Maybe instead of a review of this resto, I should actually start a thread on the different preparations of bitter melon I've enjoyed. Simply put: this location trumps all.
By way of background: A friend and I headed over to Mandalay Burmese but were put off by the huge crowd on this chilly Monday evening. Instead, we lumbered over to Clement St, quickly found a parking spot ( a good omen) and starting walking, checking out the options. Once we spied the crowd inside this low-key establishment, we knew to grab the attention of the guy at the door and let him know we wanted a table. The wait was short and worth it. According to the write up on the window, this is a resto with food from the Taishan coastal region of China.
The draw for every table clearly was the clay pot dishes. We ordered the quail and mushrooms, and enjoyed it immensely. Salt & pepper shrimp were large and plump -- deep fried but not oily -- and sweet tasting. But for me, the bittermelon with seaweed and mushrooms was amazing. I especially appreciated the addition of some tiny dried shrimp.

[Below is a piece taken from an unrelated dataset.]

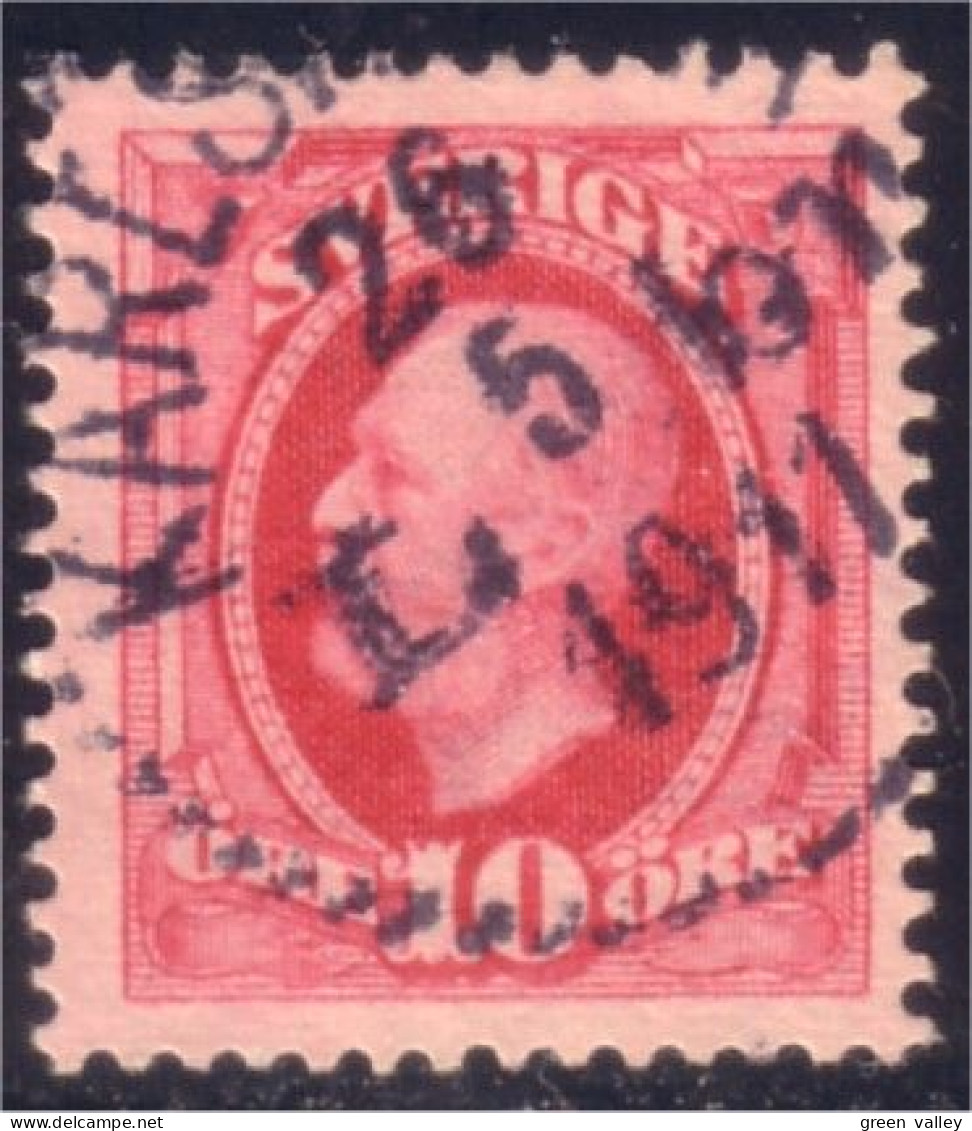 840 Sweden King Roi Oscar II 10o Carmin Carmine (SWE-93) - Used Stamps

Not to be missed: the house-made pickled chile condiment was outstanding. The sliced chiles had a kick, but didn't burn the mouth. The pickle brine used a spice I am not familiar with, but really enjoyed. (Melanie, I sense a need for you to go tasting!) After I complimented the owner, he smiled with pride, mentioned it was his own recipe, and sent me home with a huge container of the stuff. What a holiday treat.